Convening of the emergency meeting by the finance ministers and participation by Cyprus president Nicos Anastasiades are seen as strong indications that an agreement is in the offing.
In a dramatic U-turn, the country's political leaders are again considering a controversial levy on bank depositors to raise 5.8 billion euros to secure the bailout, which was overwhelming rejected by the parliament on Tuesday.
The turnaround came after Russia, whose citizens have billions of euros of deposits in Cypriot banks, early last week turned down a request for help from the government.
Media reports said discussions are focusing on a plan to impose a one-off levy between 15 and 20 percent on deposits above 100,000 euros in the country's largest bank, the Cyprus Bank, where wealthy Russians have reportedly parked billions of euros and four percent over the same level in all other banks.
The original plan was to charge a one-time 6.75 percent levy on deposits between 20,000 euros and 100,000 euros and 9.9 percent above that level.
A major part of the bailout package offered by the EU and the IMF is intended to recapitalise the largest banks, whose collapse could force the country out of the euro zone.
The island's banking sector was crippled by its exposure to Greek debts and loss of payments from Greek businesses. The ECB last week threatened to cut off its emergency assistance for Cypriot banks if no viable plan to raise 5. 8 billion euros is presented by Monday.
After the parliament rejected the bank levy plan, political leaders have been desperately trying to come up with a "Plan B" that would satisfy the international lenders.

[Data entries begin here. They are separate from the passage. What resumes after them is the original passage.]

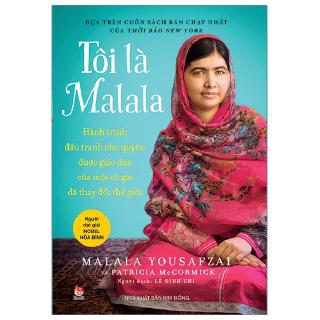 Sách - Tôi Là Malala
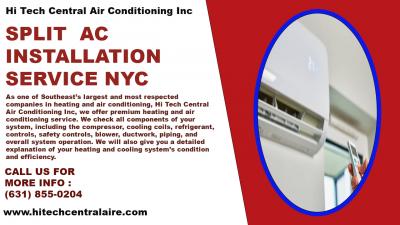 Photos of Hi Tech Central Air Conditioning Inc.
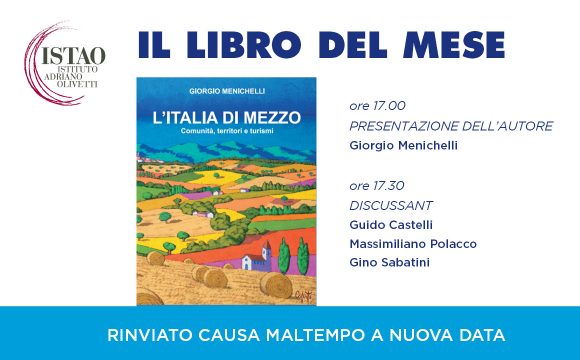 Il libro del mese “L’Italia di mezzo”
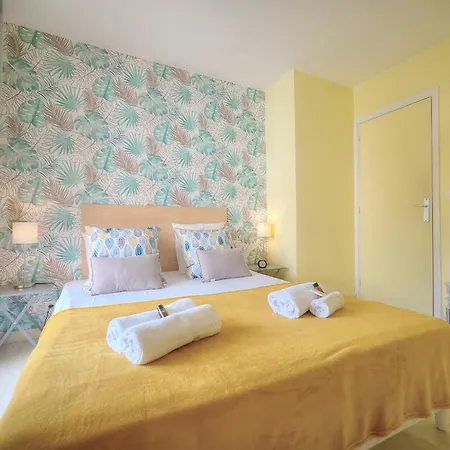 Duplex 2 Terrasse, Meynadier- Forville A2b103 شقة *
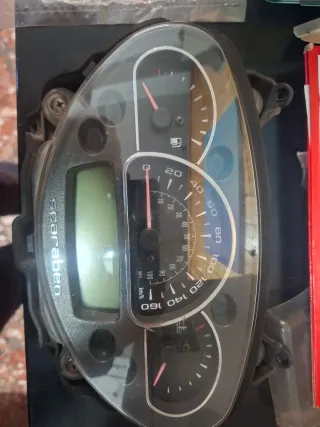 Gruppo Strumenti Aprilia Scarabeo Light 250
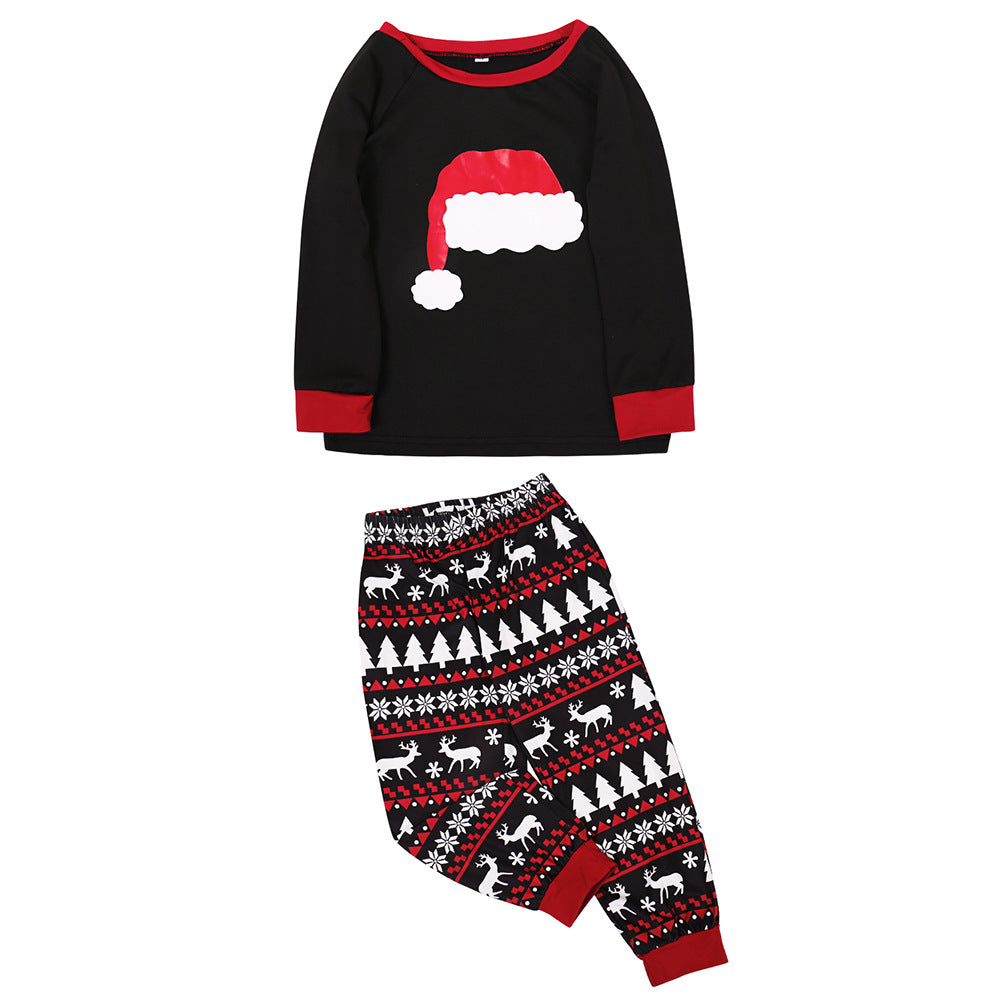 24k Santa Nights PJ Set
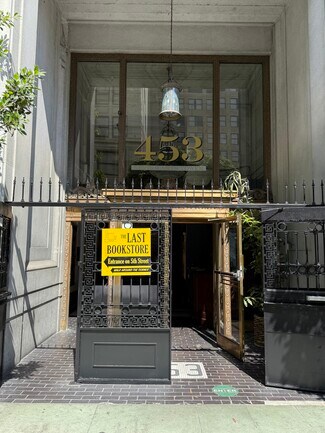 Los Angeles, CA Office - 453 S Spring St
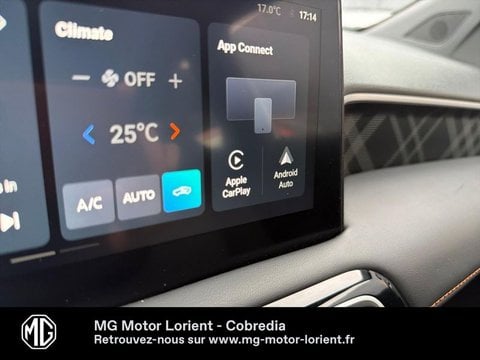 Voitures D'occasion À Lanester | Mg Mg3 1.5 Hybrid+ 195Ch Comfort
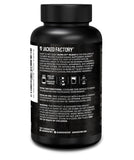 Emballage certifié CGMP de Burn XT Black Soulignant qualité et sécurité.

On Friday, the parliament agreed to set up a "national solidarity fund" to raise 5.8 billion euro, but politicians are still debating how to pool state assets and contributions pledged by the Orthodox Church.
A plan to tap the national pension fund was dropped after objection from euro zone partners, including Germany, which argued that it will more painful to ordinary citizens than a levy on deposits.
The parliament also agreed to restructure the country's banks by splitting them into "good" and "bad" banks and authorised the government to impose capital controls, fearing a flight of capital abroad when the banks reopen on Tuesday.
Rehn said: "It is clear that the near future for Cyprus will be very difficult." However, support from Europe can help minimise the economic damage and to protect the most vulnerable population from the effects of the financial crisis.
Cyprus and its people are part of the European family and the EU stands by them and will help rebuild the nation's economy, he said.